A quoi s’attendre de la saison pluvieuse de cette année au Bénin ?

L’Afrique subsaharienne en général, et le Bénin particulièrement est sous la commande d’une forte péjoration pluviométrique depuis les années 70. Celle-ci se matérialise par une contraction de la saison pluvieuse, une extension de la durée de la saison sèche, engendrant ainsi des anomalies climatiques imprévisibles. Ce bouleversement du rythme climatique se caractérise par une portée de plus en plus importante des risques et catastrophes climatiques liés aux extrêmes pluviométriques. La réduction du rythme pluviométrique intra-saisonnier occasionne parfois des pluies très intenses dans les zones côtières du Bénin et induit des inondations imprévues. Par contre, les régions du centre Bénin, du Sud-est et du Nord-ouest au Bénin sont les plus sensibles à la baisse pluviométrique (SOHOU et al., 2015). Les dommages s’imposent à l’agriculture (pluviale et saisonnière), à l’alimentation, aux ressources forestières, à la faune (aquatique et continentale), au cadre biophysique en général, avec même des conséquences sociales dont les conflits liés à l’eau. Le faible rendement agricole (lié à la baisse pluviométrique) favorise le départ massif des jeunes des villages vers les villes (exode rural) à la quête du gain facile, et occasionne l’occupation anarchique de ces villes. Le bouleversement du rythme pluviométrique induit parfois une agressivité pluviométrique importante et favorise ainsi le décapage des strates superficiels du sol par lessivage et déminéralisation érosive. Cet appauvrissement du potentiel physico-chimique de la lithologie superficielle, contribue indirectement à la baisse des rendements agricoles.
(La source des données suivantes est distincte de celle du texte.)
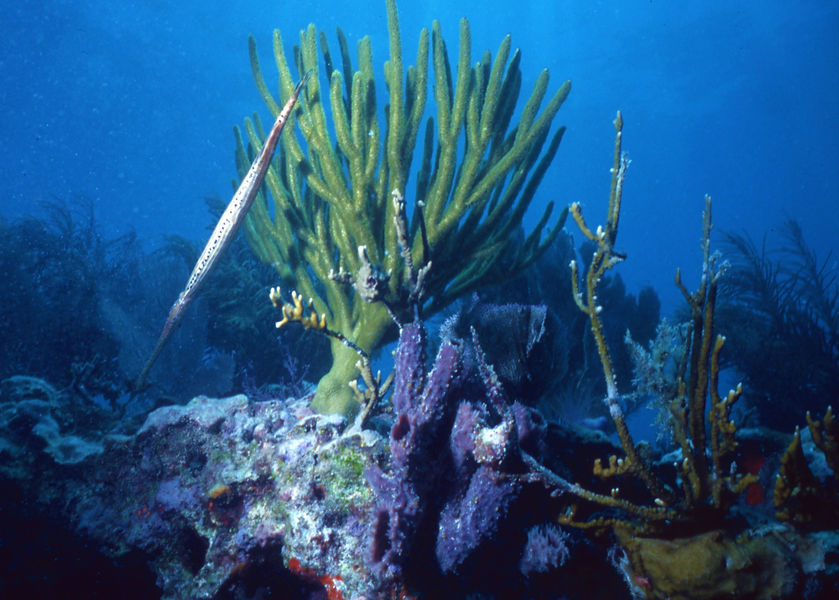 | underwater | underwater life | underwater photography | underwater world | undersea | undersea life | undersea world | florida keys | florida keys life | nature | nature photography | uw photography | diving photography | scuba diving photos | scuba diving magazine | diving magazine | coral | coral reef | trumpet fish | green fan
Parlant des pluies très intenses dans les zones côtières, Juin et Juillet seront les mois rouges (d’inondation) à Cotonou pour l’année 2016 selon les dernières prévisions.

Avril, Mai et Octobre seront les mois pluvieux à fort risque de déficit climatique au Centre et au Nord-Bénin en 2016. Par conséquent, de fortes poches de sécheresse en pleine saison pluvieuse. Les eaux douces du Bénin comprise entre la latitude de Bantè et Banikoara sont de plus en plus rares, avec une très forte corrélation positive (0,90 au seuil de 5%) à la péjoration climatique. Les travaux de terrain indiquent une sahélisation progressive de cette zone exprimée par la dominance des ligneux désertiques de la famille des combrétacées et des mimosacées (dont Combretum glutinosum, Combretum collinum, Combretum paniculatum, Combretum laceolatum, cianotis lanata, Anogeissus leiocarpa, , Terminalia albida Scott-Elliot etc.). La végétation étant un indicateur biophysique de la qualité hydrique du sol et du climat, on comprend mieux que celle-ci est de plus en plus défavorable à cette latitude pour les ligneux tropicaux (qui ont plus besoin d’eau) alors qu’on est en pleine zone tropicale. L’indisponibilité de l’eau douce crée en effet un cadre favorable à une ambiance désertique, et contribue à la prolifération des espèces sahéliennes.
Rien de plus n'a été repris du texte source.